Traditional term structure models define – implicitly or explicitly – the random motion of an infinite number of forward rates as diffusions driven by a finite number of independent Brownian motions. This choice may appear surprising, since it introduces a lot of constraints on the type of evolution one can ascribe to each point of the forward rate curve and greatly reduces the dimensionality i.e. the number of degrees of freedom of the model, such that the resulting model is not able to reproduce any more the complex dynamics of the term structure. Multifactor models are usually justified by refering to the results of principal component analysis of term structure fluctuations. However, one should note that the quantities of interest when dealing with the term structure of interest rates are not the first two moments of the forward rates but typically involve expectations of non-linear functions of the forward rate curve: caps and floors are typical examples from this point of view. Hence, although a multifactor model might explain the variance of the forward rate itself, the same model may not be able to explain correctly the variability of portfolio positions involving non-linear combinations of the same forward rates. In other words, a principal component whose associated eigenvalue is small may have a non-negligible effect on the fluctuations of a non-linear function of forward rates. This question is especially relevant when calculating quantiles and Value-at-Risk measures.

In a multifactor model with k sources of randomness, one can use any k + 1 instruments to hedge a given risky payoff. However, this is not what traders do in real markets: a given interest-rate contingent payoff is hedged with bonds of the same maturity. These practices reflect the existence of a risk specific to instruments of a given maturity. The representation of a maturity-specific risk means that, in a continuous-maturity limit, one must also allow the number of sources of randomness to grow with the number of maturities; otherwise one loses the localization in maturity of the source of randomness in the model.

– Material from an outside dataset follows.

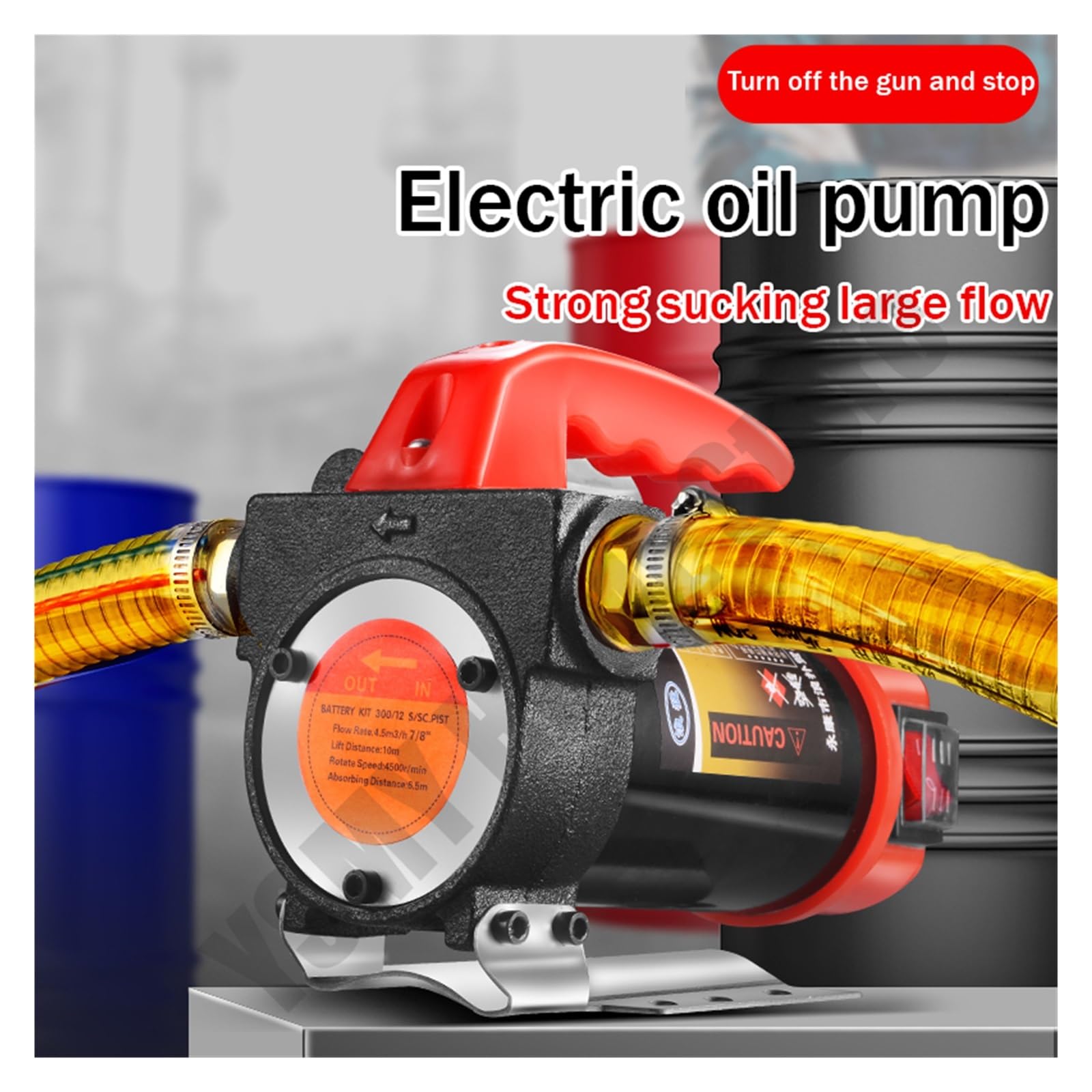 Pompa elettrica di trasferimento carburante 12V/24V/220, 12GPM Comodo distributore di carburante Start-stop automatico for/cherosene/olio per olio per trasformatori diesel-cherosene(Set meal 4)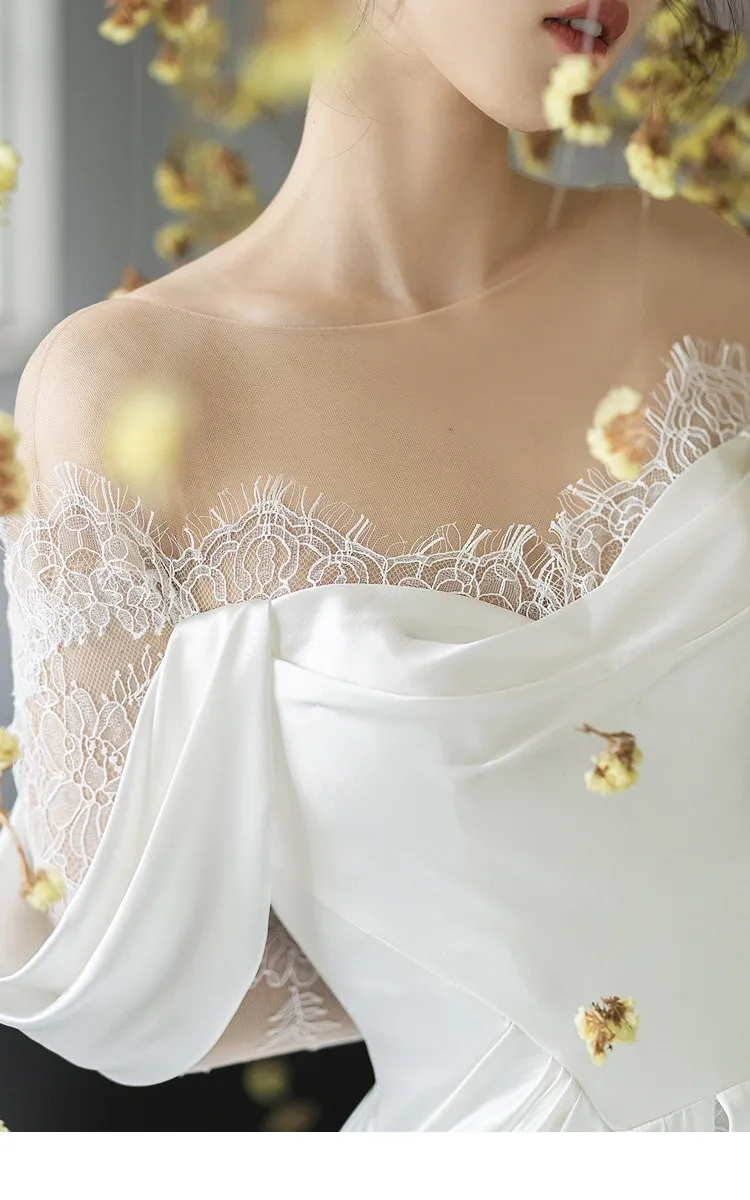 Elegant French Lace Bridal Wedding Dress with Small Tail, Retro 2025 Design, Simple Fairy Style for Travel and Photography showcase 4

An important ingredient for the tractability of a model is its Markovian character. Non-Markov processes are difficult to simulate and even harder to manipulate analytically. Of course, any process can be transformed into a Markov process if it is imbedded into a space of sufficiently high dimension; this amounts to injecting a sufficient number of “state variables” into the model. These state variables may or may not be observable quantities; for example one such state variable may be the short rate itself but another one could be an economic variable whose value is not deducible from knowledge of the forward rate curve. If the state variables are not directly observed, they are obtainable in principle from the observed interest rates by a filtering process. Nevertheless the presence of unobserved state variables makes the model more difficult to handle both in terms of interpretation and statistical estimation. This drawback has motivated the development of so-called affine curve models models where one imposes that the state variables be affine functions of the observed yield curve. While the affine hypothesis is not necessarily realistic from an empirical point of view, it has the property of directly relating state variables to the observed term structure.

Another feature of term structure movements is that, as a curve, the forward rate curve displays a continuous deformation: configurations of the forward rate curve at dates not too far from each other tend to be similar. Most applications require the yield curve to have some degree of smoothness e.g. differentiability with respect to the maturity. This is not only a purely mathematical requirement but is reflected in market practices of hedging and arbitrage on fixed income instruments. Market practitioners tend to hedge an interest rate risk of a given maturity with instruments of the same maturity or close to it. This important observation means that the maturity is not simply a way of indexing the family of forward rates: market operators expect forward rates whose maturities are close to behave similarly. Moreover, the model should account for the observation that the volatility term structure displays a hump but that multiple humps are never observed.